Brilliantly illuminated, with seating for 4000.
The show is exactly the same as in Sydney, and
Travels by Road.
TO THE PUBLIC. – “BOBS,” THE Champion Buck-jumper,
is a Bay Gelding, branded ST4 on the off shoulder. Beware of Imitations.

The above advertisement appeared in the Referee on Wednesday 10 July just eight days after the showman’s death. The still shocked and adjusting show performers played at Hillgrove on the same day as the advertisement appeared, followed by performances at Uralla on the following Saturday and Walcha the next Tuesday. Harry Kennedy was still the show’s representative. The Uralla News cited that ‘Mrs J Martini’ was offering £10 to any man who can ride Bobs for one minute.

 

Change of Management

On Wednesday 17 July the Bega Budget has a one-liner in its Odds and Ends column stating that:
Martini’s buckjumping show is the be carried on by his brothers.

Particulars of Martini’s estate are decided on 24 July. William Breheney, Martini’s father, now aged 72, and in failing health, passed on responsibility of his son’s estate to Patrick, and the older brother of Martini was successful in controlling the estate. Patrick has legally recorded that he was the deceased’s oldest brother and that he had no knowledge of Martin having been married. This, of course, relegates Jessies’ position, but she dutifully kept working for the show with determination, despite Patrick’s lack of experience and ineptness. Martini’s assets were valued at £838.7.7.
Though Patrick was now the person in charge, it was Jessie who had the responsibility of the day to day running of the busy show. Without Martini as head of the business, life was getting tougher for Mrs Martini as competitors spread misinformation and came out with the traditional phrase that it was no place for a woman. Others were now using Martini’s Fun in a Stockyard, having changed the name to Fun In The Stockyard, the exchange of ‘the’ for ‘in’, avoiding infringement of copyright. Another furphy circulated claiming that Bobs had been sold.
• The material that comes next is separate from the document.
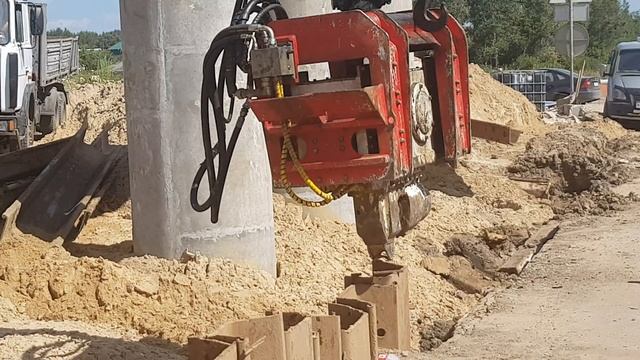 Извлечение шпунта Ларсена/Демонтаж шпунта Ларсена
To quote what someone at the time exclaimed:
One would only have to see the horse buck to determine if it was genuine or not, as no other horse could emulate the techniques of Bobs’.

It appears that Patrick Breheney had little interest in developing any close association with the show and its operational intricacies and he showed little or no support for the battling ‘widow’. It is interesting that both the publications Referee and Stageland were supportive of Martin’s Buckjumping Show during these trying times and continued to give them coverage in their editorials and advertising. A Stageland editorial went on the attack with the headline of: Dingoes Dog a Lonely Ewe. They continued explaining how this lady was struggling to keep the show going:
… in spite of cowardly woman-baiters to injure her.